RE: I18N issues an OWL2 from Phillips, Addison on 2008-07-14 (public-owl-wg@w3.org from July 2008)

From: Phillips, Addison <addison@amazon.com>
Date: Mon, 14 Jul 2008 08:49:19 -0700
To: Felix Sasaki <fsasaki@w3.org>, Axel Polleres <axel.polleres@deri.org>
CC: Ivan Herman <ivan@w3.org>, Jie Bao <baojie@cs.rpi.edu>, "public-owl-wg@w3.org" <public-owl-wg@w3.org>, "public-i18n-core-comments@w3.org" <public-i18n-core@w3.org>, "public-rif-comments@w3.org" <public-rif-comments@w3.org>, Boris Motik <boris.motik@comlab.ox.ac.uk>
Message-ID: <4D25F22093241741BC1D0EEBC2DBB1DA013BD2AF9A@EX-SEA5-D.ant.amazon.com>

> >
> > Felix Sasaki wrote:
>
> That is, for the language tags "art-lojban" and "jbo" there is no
> hierarchy. The language tags express the same language.

However: it is always permitted to treat these two tags as being different. BCP 47 defines two classes of conformance (well-formed and validating). Validating language tag processors may canonicalize deprecated tags into their preferred form before matching, but this isn't required. Most specifications are "well-formed" and not "validating" anyway: none of the matching schemes in BCP 47 are validating (some aren't even "well-formed").

>
> That is, Mandarine Chinese could be tagged as "zh-cmn" or "cmn" or
> "zh.
> Again you have no clear "length to hierarchy" relation.

This isn't quite accurate. "zh" doesn't mean "Mandarin Chinese". It only means Chinese. This doesn't mean that some content in Mandarin can't be tagged with it--quite the contrary--but that this doesn't necessarily enter into tag processing.

The problem here is that language tag matching/selection/etc. is really quite simplistic. It is based solely on (case-insensitive) string matching, with no recourse to the registry, the ABNF, or anything else.

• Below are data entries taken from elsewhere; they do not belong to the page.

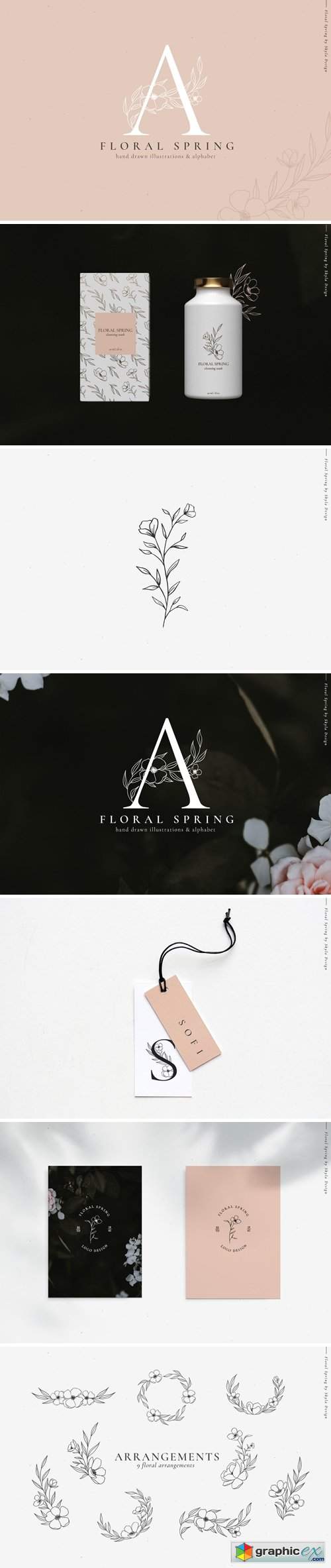 Floral Spring illustrations alphabet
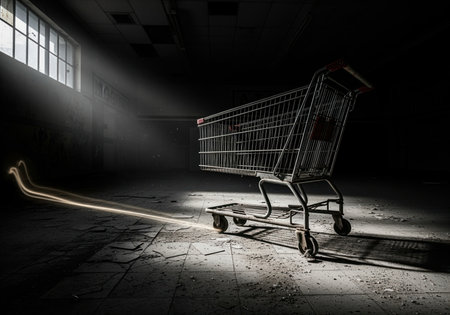 A solitary, heavily rusted shopping cart stands in a dark, abandoned space, conveying themes of decay, neglect, and economic hardship. its presence evokes a sense of desolation.の素材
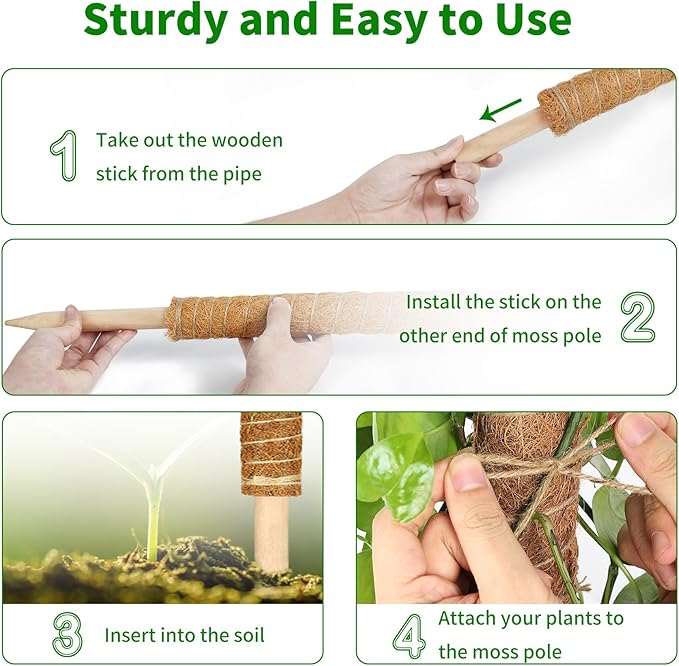 ALENEY Moss Pole, 8 Pack 17 inch Monstera Plant Support Stackable Moss Poles for Plants, Coir Totem Pole Tall Moss Pole for Climbing Plants, Sphagnum, Indoor Potted Plants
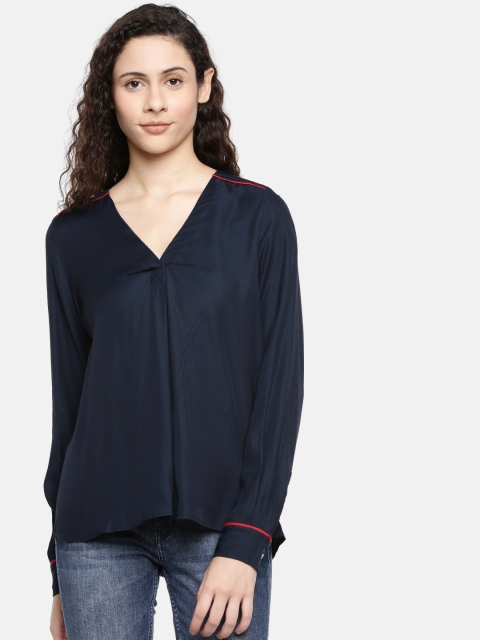 

Tommy Hilfiger Women Navy Blue Hermosa Solid A-Line Top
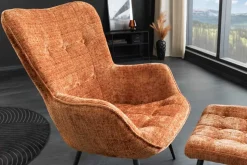 Design Sessel SCANDINAVIA rost braun Chenille Cremona schwarz Metall mit Armlehne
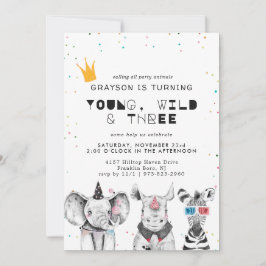 モダンシンプルパーティー動物招待状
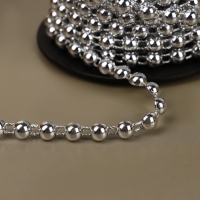 Бусы на нитях, плоские, 6 мм, 9 &plusmn; 1 м, цвет серебряный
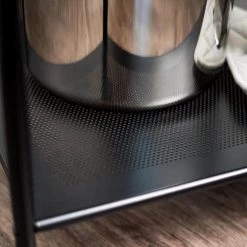 Wide Wood and Metal Rolling Storage Cart by IRIS -Kate and Laurel Shop brown iris utility carts 596003 44 1000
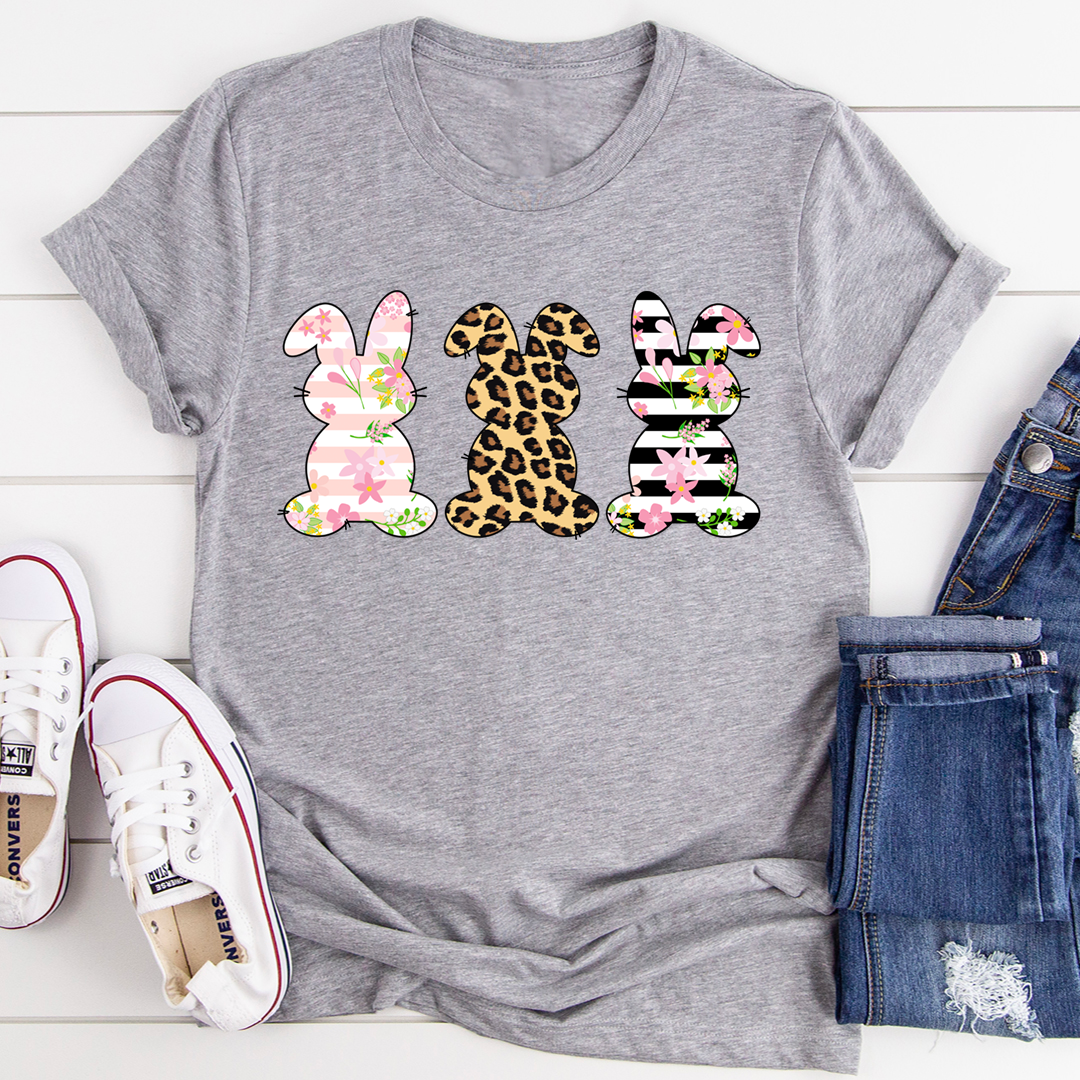 Floral Easter Bunnies T-Shirt-0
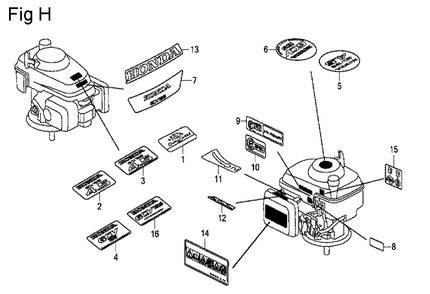 Fig-8 Diagram and Parts List for GCV135 Type A1D Honda Engine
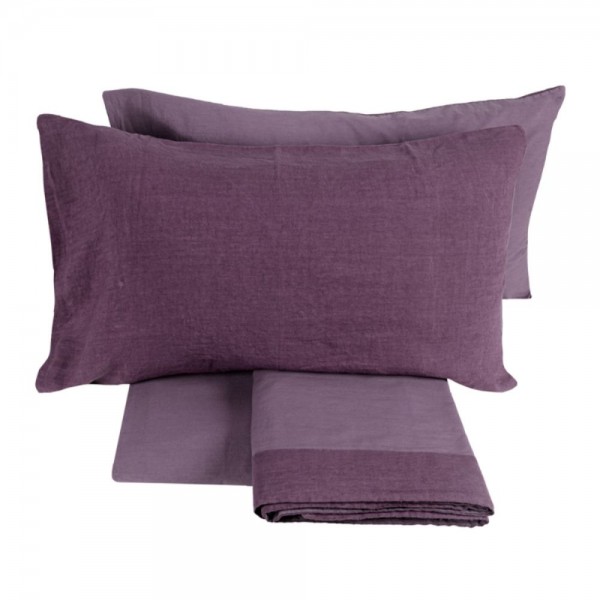 Completo Lenzuola letto Matrimoniale Fazzini Incontri colore Purple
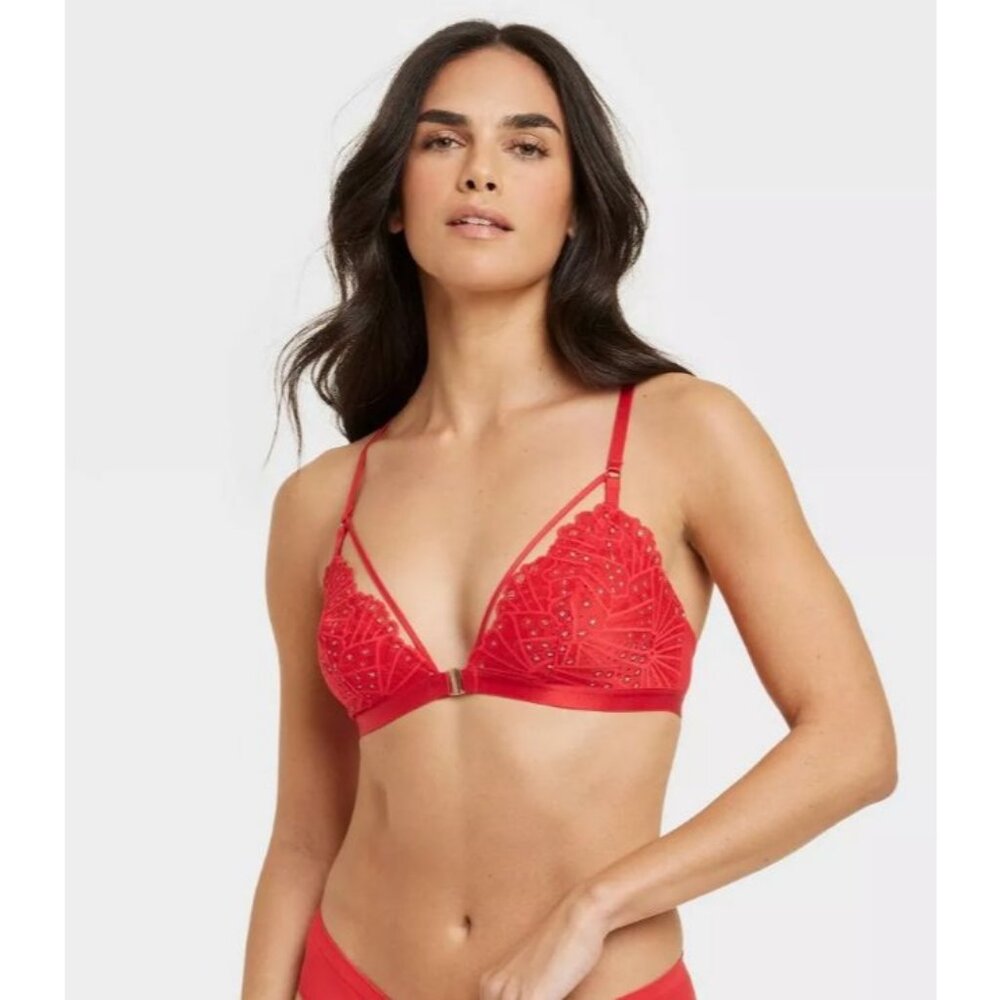 Auden Women's Front-Close Lace Lingerie Bralette Red Size XS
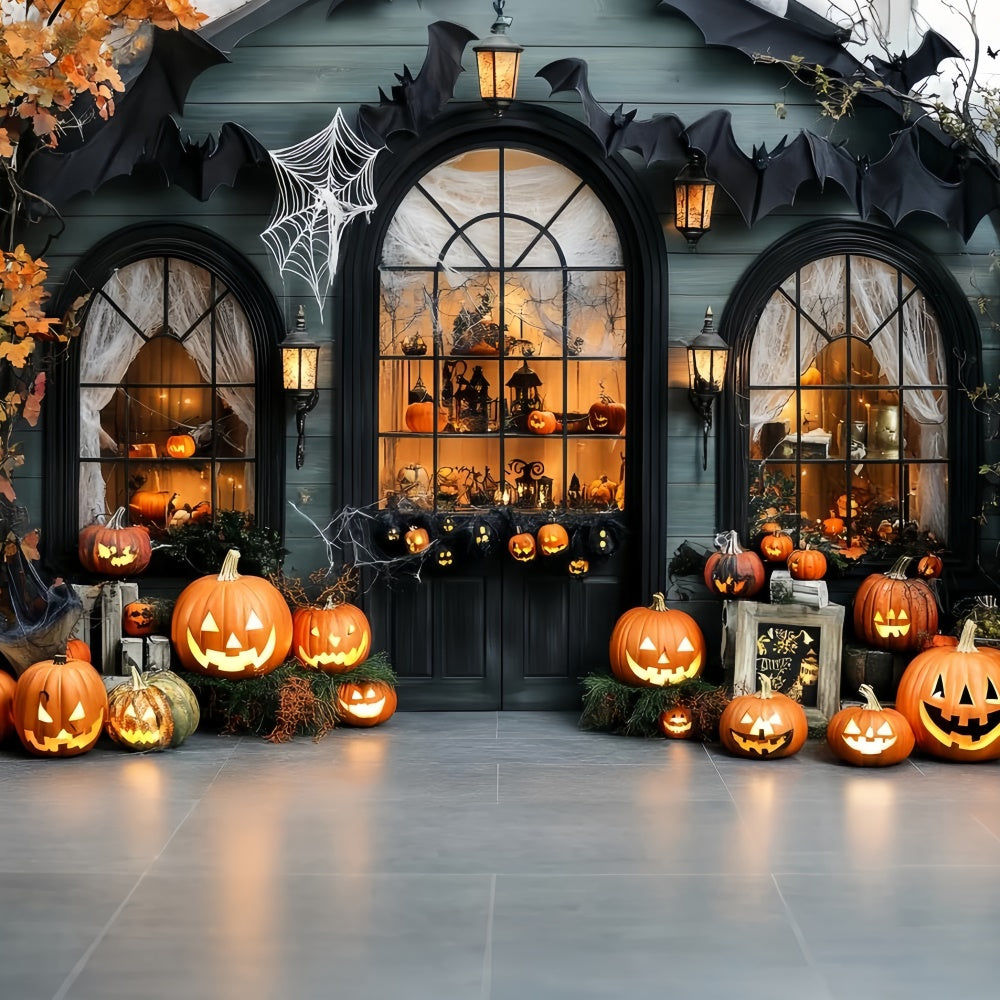 Halloween Backdrop For Photos Pumpkin Window Glow Backdrop CSH57-64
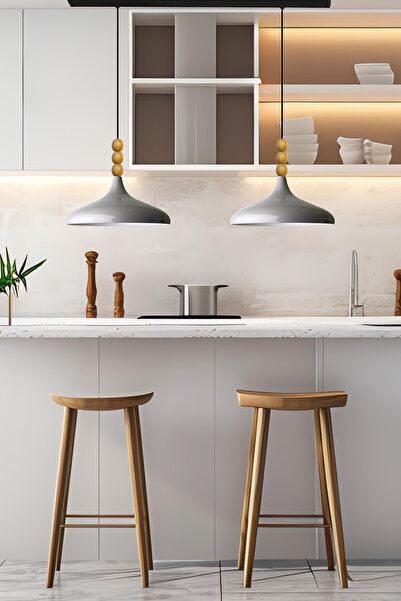 Bamyum İkili Gri Sarkıt Lamba Yemek Masası Oturma Odası Mutfak Salon Otel Café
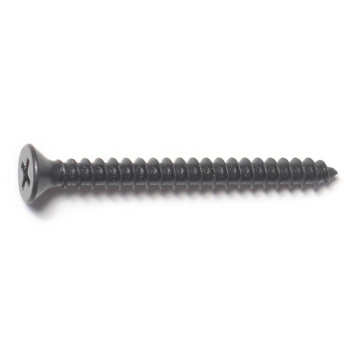 #10 x 2" Phillips Flat Head, Sheet Metal Screw, Zinc, Black 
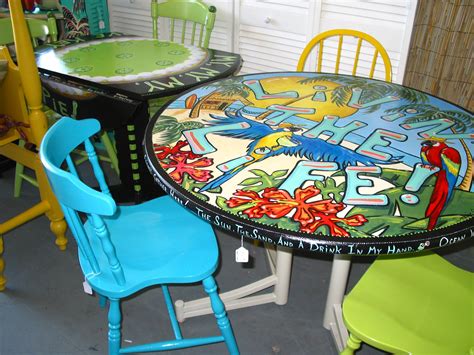 With the right furniture paint, anything is possible. SOLD! Two hand painted tropical themed tables, furniture ...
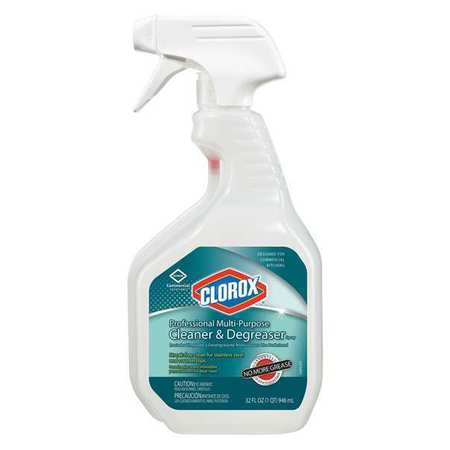 Clorox Multi-Purpose Cleaners and Degreaser, 32 oz. Trigger Spray Bottle, Liquid, Clear, Green, 9 PK 30865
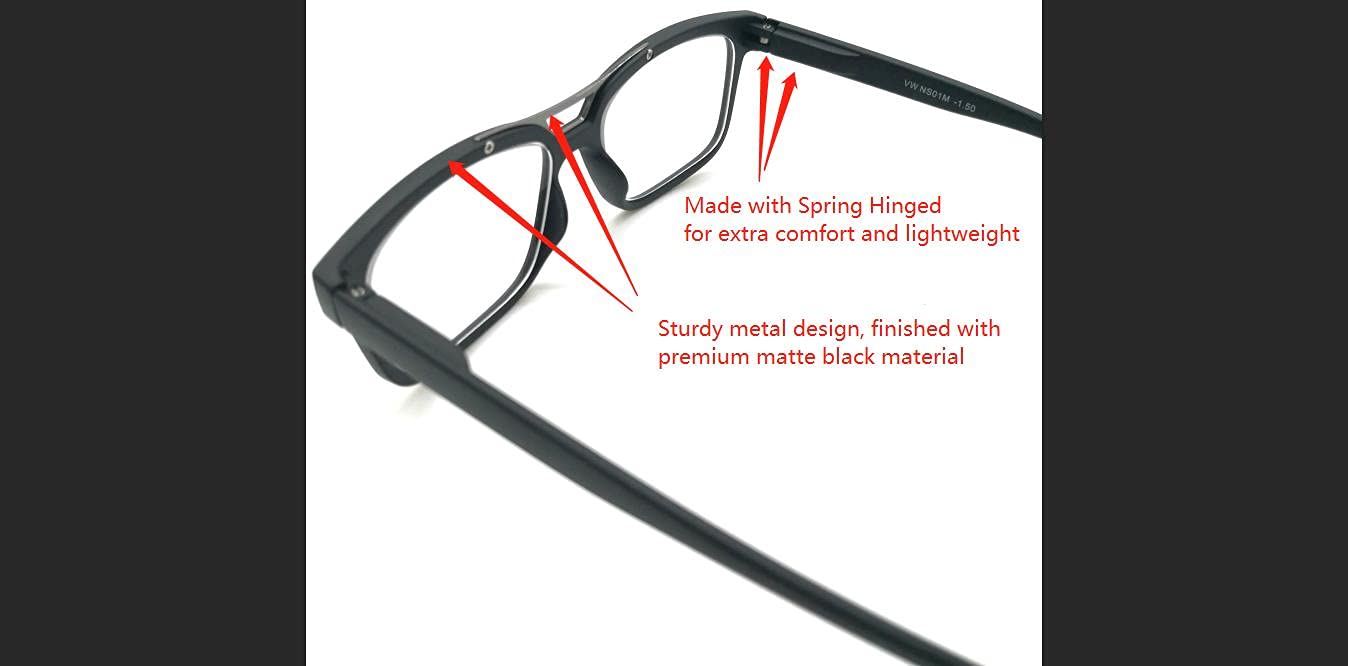 Myopia Glasses for Men & Women - 2 Pairs Rectangular & Square Nearsighted Glasses for Distance Driving | Perfect for Night Driving, Watching TV & Outdoor Activities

If you know the tag's structure, you can use it to your advantage, since the tag's structure was designed to help you do various operations in a useful manner (such as selecting all tags with a given script or a given region).

However, we often struggle with it in XML contexts because attribute matching is usually Boolean all-or-nothing matching rather than looking for the trailing hyphen. OWL has a predilection to this kind of matching, since, by design, it is about "is-a" relationships that exactly match strings.

This suggests to me that language tags would most easily be implemented by using Basic Filtering from RFC 4647. That is, the language tag in an "internationalizedString" matches a given request iff the request is an exact prefix (where the next character is a hyphen or end of string) of the value.

That is:

  LanguageAssertion { hasLanguage "de" }

Would match:

  "gruß dich"^^lang:de
  "gruß dich"^^lang:de-AT
  "gruß dich"^^lang:de-1901
  "gruß dich"^^lang:de-AT-1901
  ... usw...

But not:

  "whoa"^^lang:del  # a string in the Delaware language; whoa isn't actually probably a word
  "bonjour"^^"lang:fr
  ... etc...

This addresses the "macrolanguage problem". People would have to know to construct certain kinds of queries to work around the multiplicity of tag formats. But I don't think that is OWL's problem particularly.

Hope this helps.

Addison

Addison Phillips
Globalization Architect -- Lab126

Internationalization is not a feature.
It is an architecture.

Received on Monday, 14 July 2008 15:50:02 UTC